Contener los salarios para ganar competitividad. Esta es la quintaesencia de la agenda económica europea, la hoja de ruta que siguen las economías periféricas y el santo y seña de la política aplicada por el gobierno de España.
A este reduccionismo, tan interesado como erróneo, ha quedado confinada la crisis del capitalismo, la de la Unión Europea. Una crisis provocada por el crecimiento desbordante del sector financiero, donde ha imperado la opacidad, la desregulación y los rendimientos extraordinarios; por el fracaso de la Unión Europea a la hora de promover la convergencia productiva y social; por una unión monetaria al servicio de las finanzas, que agravó las asimetrías Norte-Sur; por la oligopolización de los mercados, que pervirtió el “proyecto comunitario”, quedando atrapado en los intereses y las exigencias de las élites; y por la generalización de unos patrones de producción y consumo depredadores e insostenibles, sometidos también a la lógica de lo financiero.

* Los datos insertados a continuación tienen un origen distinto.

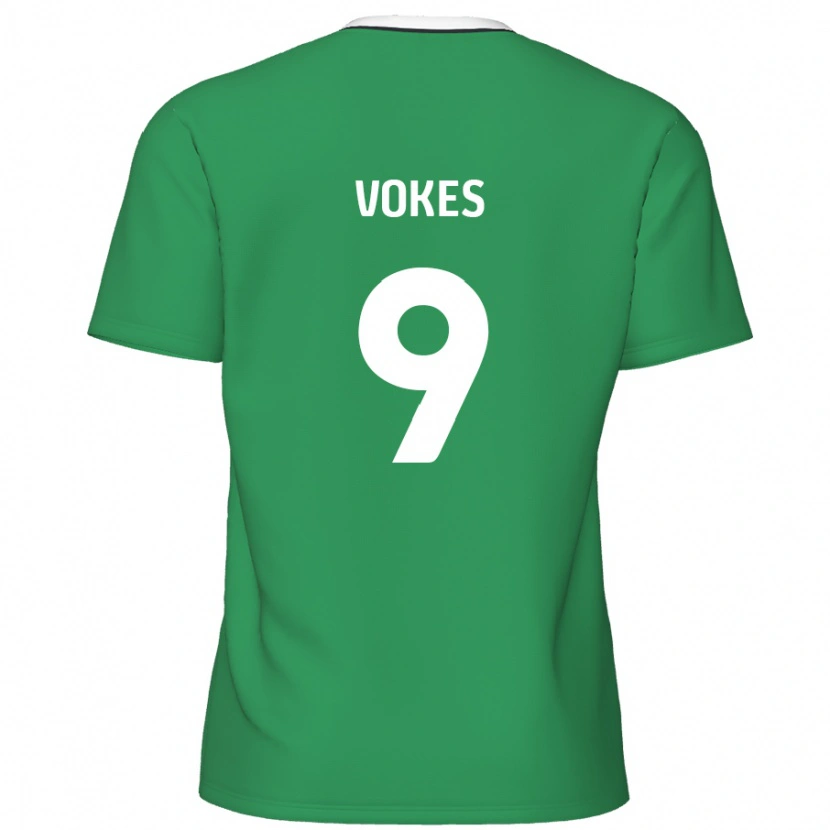 Danxen Barn Sam Vokes #9 Grønne Hvite Striper Bortetrøye Drakt Trøye 2024/25 Skjorter T-Skjorte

Y también una crisis económica provocada por el estancamiento salarial y la desigualdad. El escaso o nulo avance de los salarios se compensó con el intenso crecimiento del crédito privado. Gran negocio para los banqueros, gran negocio para los promotores y constructores inmobiliarios; gran negocio para las empresas que vieron cómo se dinamizaban los mercados, al tiempo que mejoraban sus beneficios; gran negocio para las grandes fortunas, que encontraron un nicho donde obtener grandes ganancias.
Ni sombra de esta problemática en la política económica, ni en la del estado español ni en la de Bruselas. Ausencia que se explica porque enfrentar estos problemas exigiría cambios fundamentales en los modelos de crecimiento, en la configuración de las finanzas y en la distribución del ingreso y la riqueza; cambios, en suma, en las relaciones de poder, que las elites –que se enriquecieron con el boom de la deuda y con las burbujas, y que se están enriqueciendo con la crisis- no estaban y no están dispuestas a aceptar.
Por todo ello, suena a tramposa y resulta obscena la insistencia en una política económica centrada en bajar los salarios para incrementar la competitividad. Más todavía, cuando los bajos salarios en Europa y, especialmente, en Alemania -sí, ese país del Norte donde un buen número de trabajadores viven y trabajan en situación de precariedad, cerca del umbral de la pobreza, fruto de una política de represión salarial promovida por un gobierno socialista y continuada por otro conservador- están en el origen de la crisis; cuando los salarios de los directivos y los ejecutivos de las grandes corporaciones continúan en niveles astronómicos; cuando los salarios deberían aumentar, en lugar de retroceder, para dinamizar la demanda.
Ni “devaluar” los salarios (los beneficios no se han devaluado, todo lo contrario), ni vertebrar la política económica en torno al objetivo de la competitividad externa; no sólo porque los desafíos competitivos de la economía española no se dirimen en el terreno de los costes laborales, sino porque la mejora de la calidad de los bienes y servicios ofertados, la sostenibilidad de los procesos productivos, la equidad social y la mejora de las condiciones de vida de la población no pueden abordarse en clave de competitividad internacional. Aumentar los salarios de los trabajadores y generar empleo decente (también de esta manera crecen los salarios) es una de las piedras de toque de otra economía, otra política económica, otra Europa.